6 thoughts on “Library Books & London

  1. My library book binges are usually to stop me buying – if I think I have discovered a new author or want to explore someone’s work, I order them all out of the library. I usually end up taking them back unread, but at least it stops me spending…… 🙂


  2. Karen, that is the way to do it. The library is such a luxury, but it doesn’t have all the books I want. It’s a pity they don’t call me up every time they want to discard a book: I could tell them to keep it.:)


  3. If I were going to London now, I would only be hitting all the thrift shops for books. And Persephone, of course. A friend told me there used to be a shop just for Viragos. I would probably go to the War Museum since I’ve always read WW1 and 2 books. As for book festivals, the only ones I’ve been to are The National in D.C. and the Brooklyn Book Festival. .
    On Saturday I’m going with my librarian friend to Philadelphia for the ALA midwinter conference where I plan to load up a suitcase with ARCs while he’s busy doing librarian things. I love libraries and I do read a lot of library books.


  4. The ALA sounds like fun! And I really should go to the Wash Book Festival, because it is such a manageable city. I’ve gone to the Southern Festival of Books in Nashville and highly recommend it if you like Southern writers.


  5. ’m currently on a Georgette Heyer binge – have had some work-related problems this week, so the last thing I want to read before falling asleep is my “proper” book (Anna Karenina, because I’m at a part where everything’s going wrong for Anna). So Heyer it is! I binge on her books about once a year, and keep reading until I’ve had enough muslins and curricles. I also love a binge on Golden Age detective fiction! My local bookshop has a section called “Cosy Crime,” which could equally well be called “Books for Binges” – everything from Patricia Wentworth to Alexander McCall Smith. Finally, my other favourite author for a binge is Mary Stewart. I LOVE her books, particularly the ones set in Greece. You get all the thrills and romance as well as a travel book! Her work has all been reprinted recently, so I hope she’ll gain some new fans; I don’t know anyone else who reads her. Perhaps the BBC will dramatise one of her books – they’d make great serials.

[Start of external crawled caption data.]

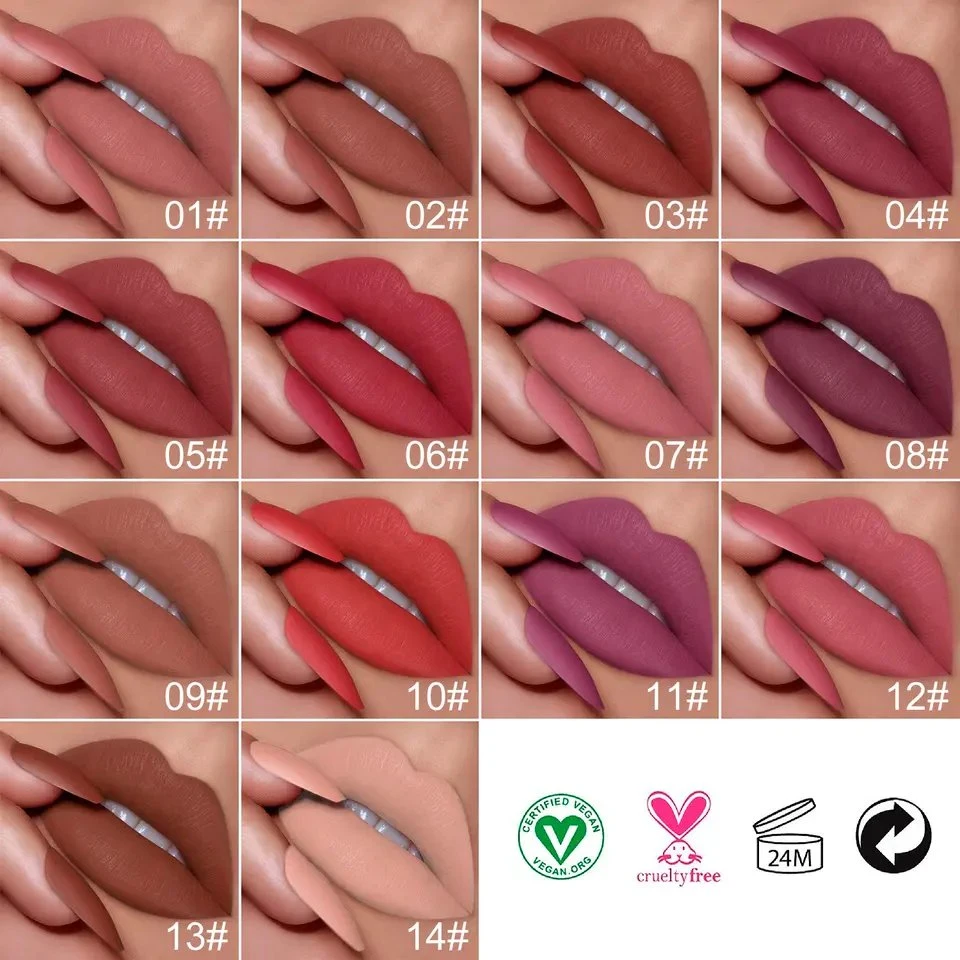 High quality/High cost performance  Beauty Woman Luxury Diamond Smooth Cosmetic Waterproof Long Lasting Cruelty Free Vegan Private Label Matte Lipstick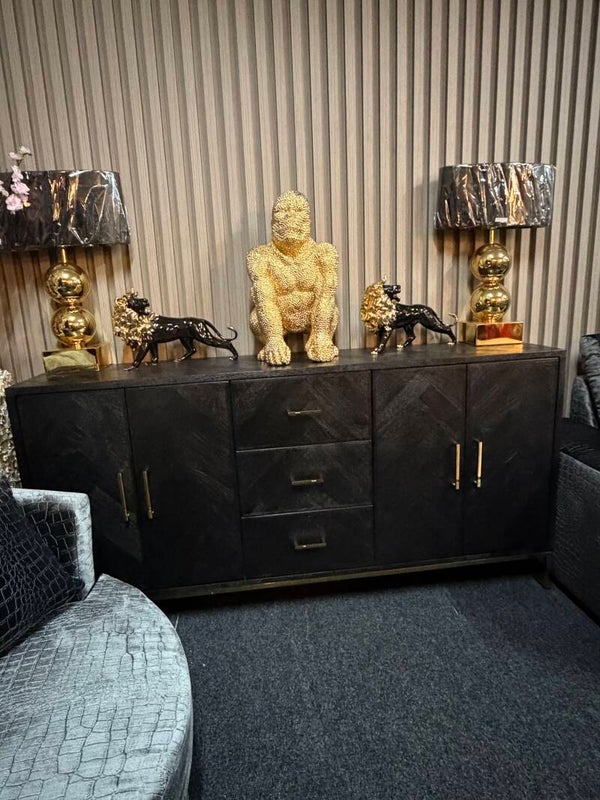 Visgraat gold dressoir
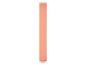 Lampe cylindrique orange sur fond blanc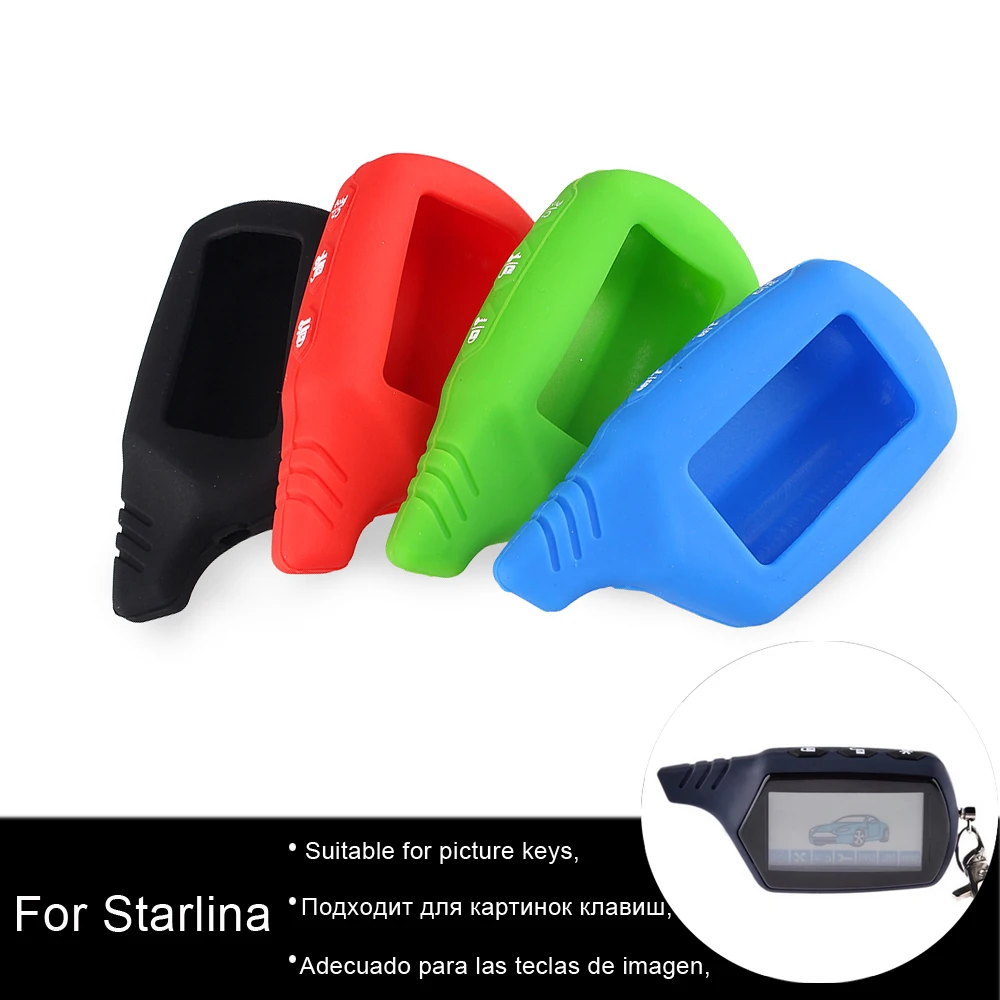 KEYYOU 30 шт ключ крышка B9 B6 силиконовый чехол для Starline B91 B61 A91 A61 B9 B6 V7 ЖК-дисплей брелок автомобиля пульт дистанционного управления 2 полосная автомобильная сигнализация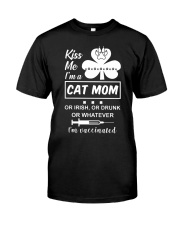 I'm A Cat Mom I'm vaccinated Premium Fit Mens Tee tile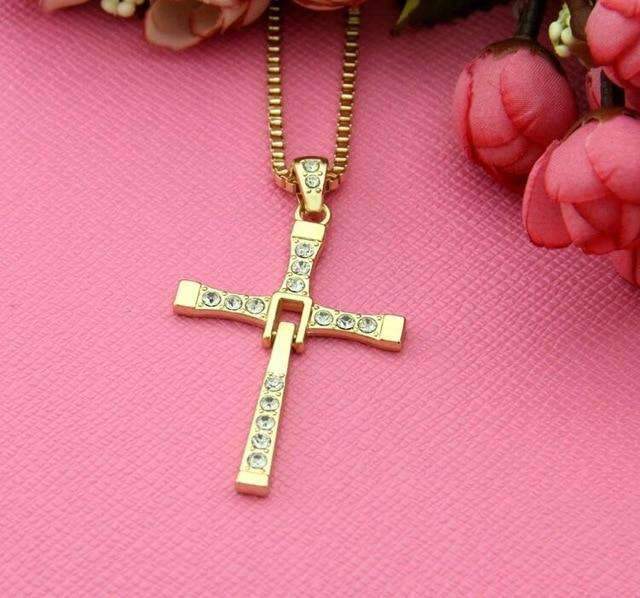 Fast and Furious Toretto Cross Pendant Necklace Jewelry For Men Pendant Necklaces CJJewelry Dropshipping- Store Gold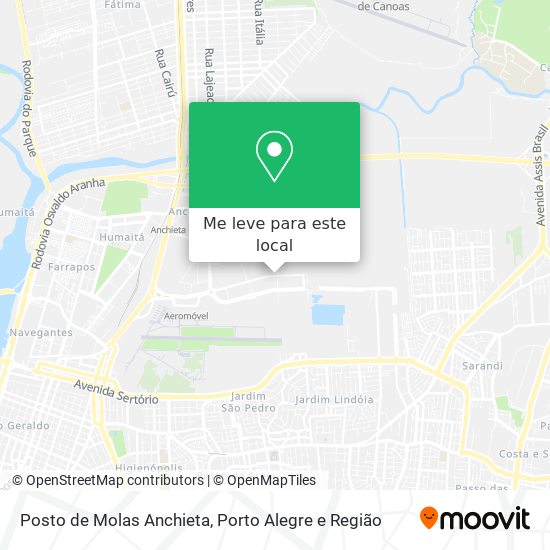 Posto de Molas Anchieta mapa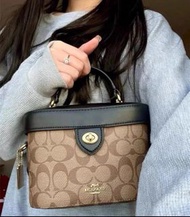 實拍 COACH 78277 蔻馳女包 盒子包 化妝包 手提/單肩/腋下包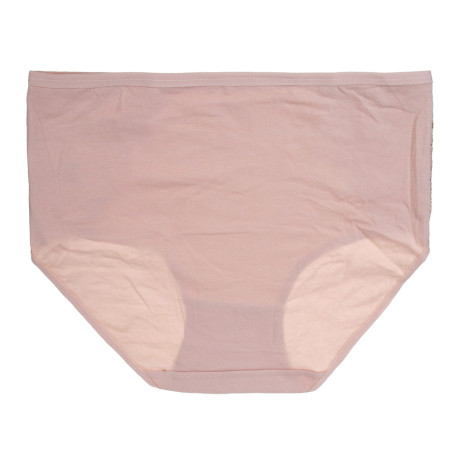 GALANTE Трусы женские макси с декором, р.50, 95%хлопок, 5%спандекс, бежевый, НБ25-14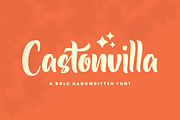 Castonvilla - Bold Handwritten Font, a Handwritten Font by RockboyStd (Thumbnail 1 of 12)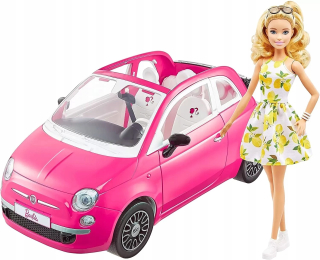 Barbie Bambola E Fiat 500 GXR57
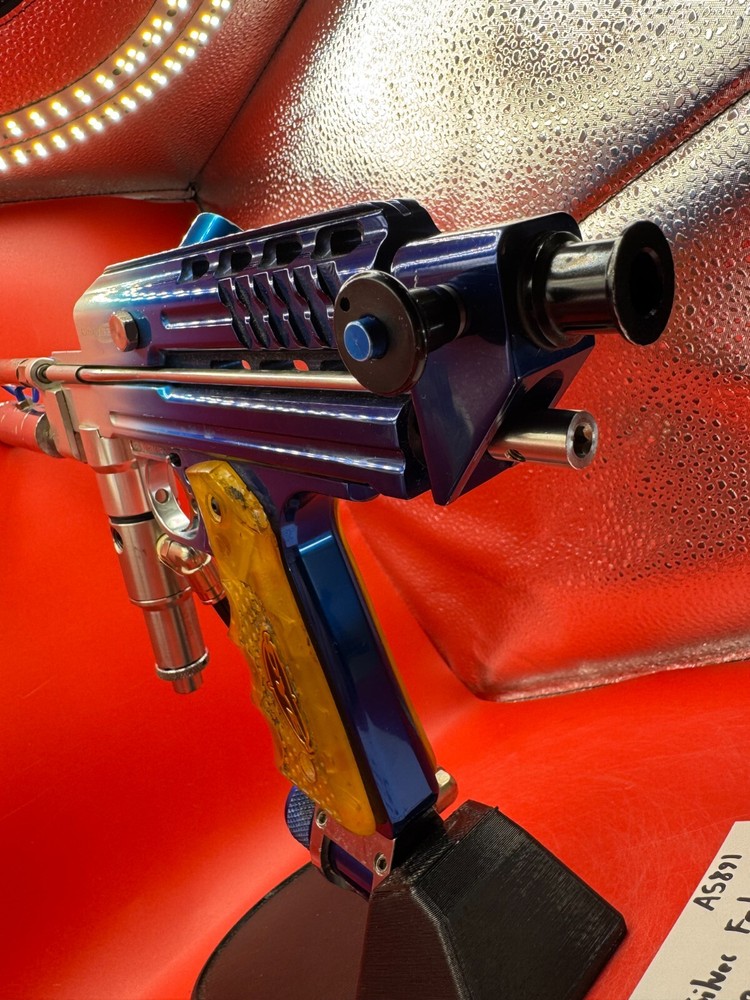 Shock Tech Vortex Autococker - Black/Silver Fade - Not Working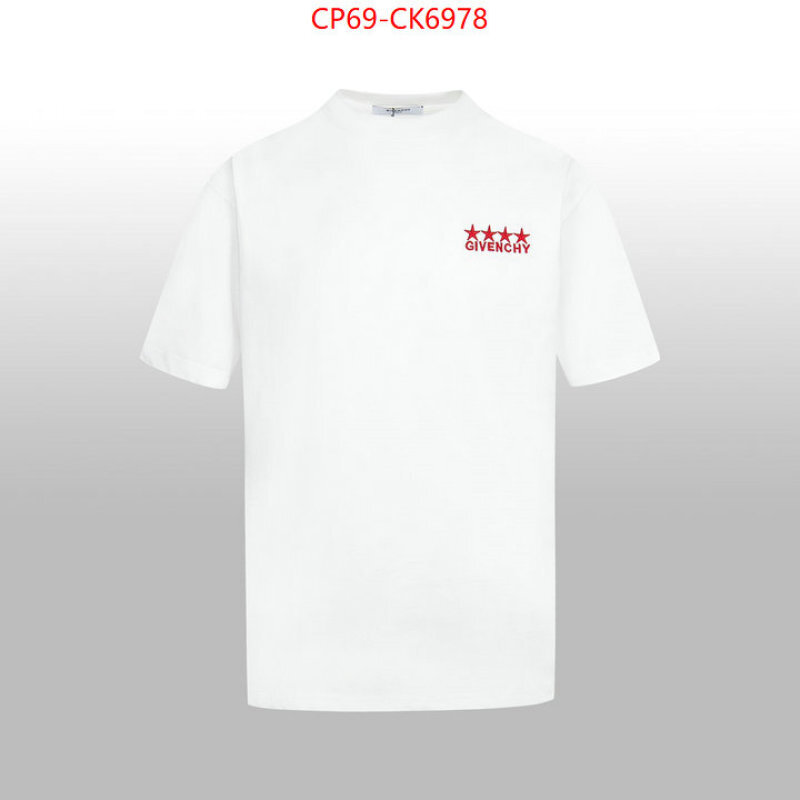 Clothing-Givenchy where quality designer replica ID: CK6978 $: 69USD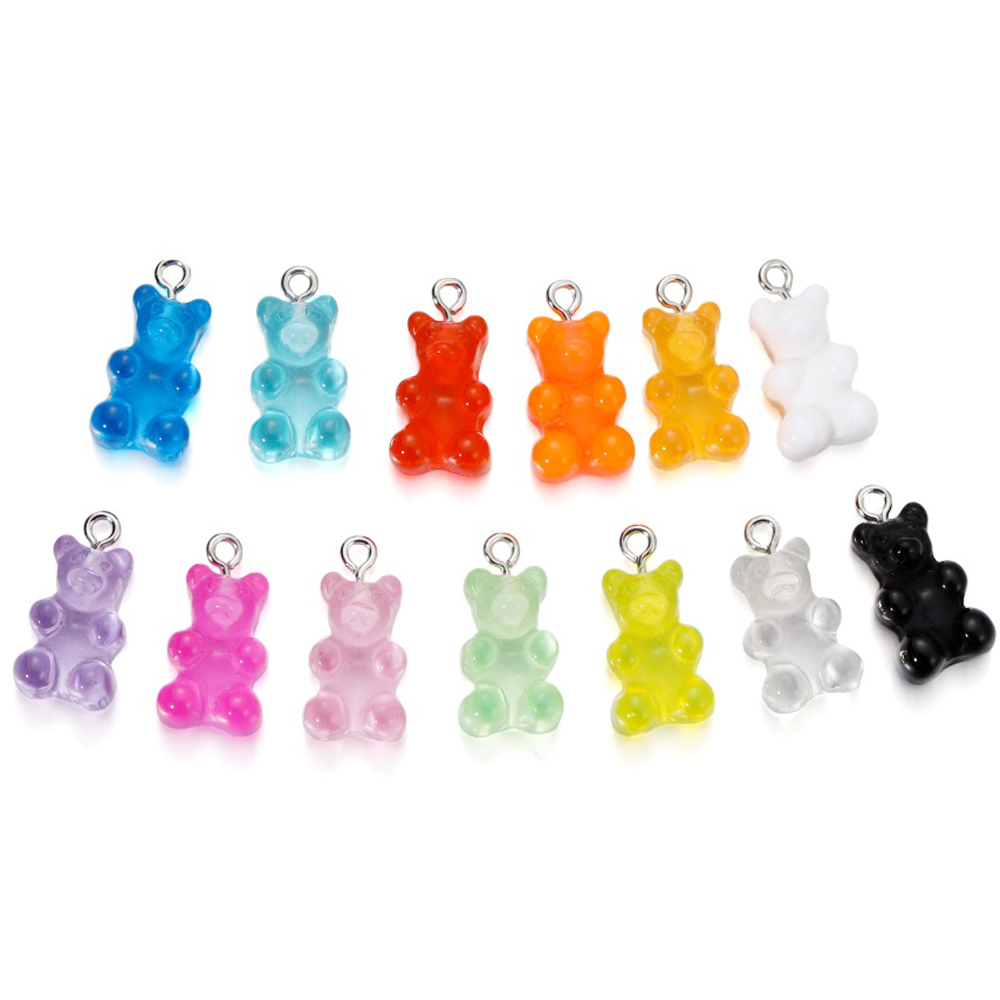 10 Pezzi/Lotto Colorato Di Orso Gommoso Con Pendenti Caramelle Traposti Portago…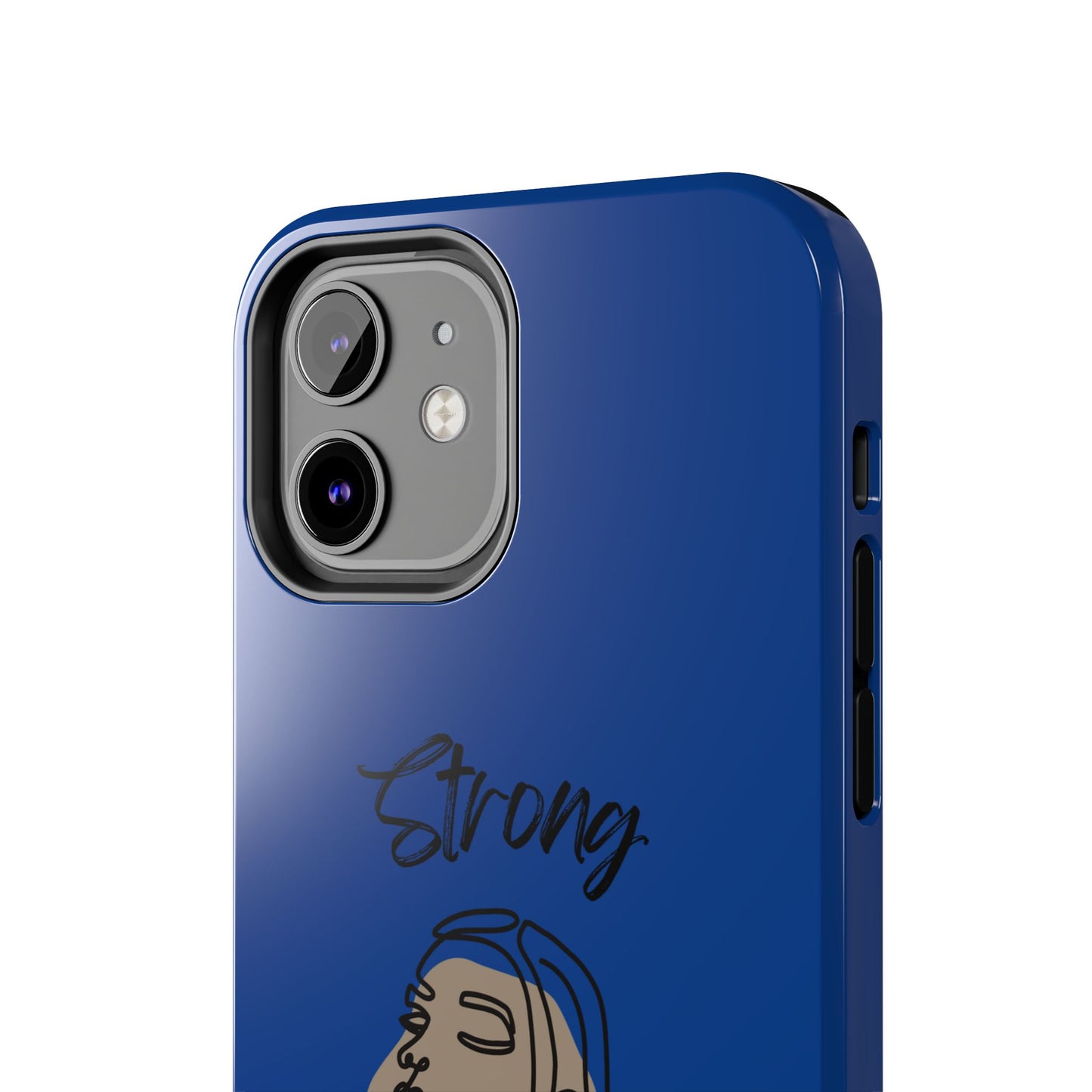STRONG MOMMA Samsung Galaxy Tough Phone Cases (BL) Dark Blue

  6. Catherine, a Georgette Heyer binge sounds fun! I have collected a few in the last year (they’ve been reissued by Sourcebooks here) but haven’t found the perfect occasion to read one. I’m sure Heyer would make a perfect substitute for Robert Barnard. I’ve been wondering if I should read Alexander McCall Smith. And I love Mary Stewart. She is better, in my opinion, than Daphne du Maurier!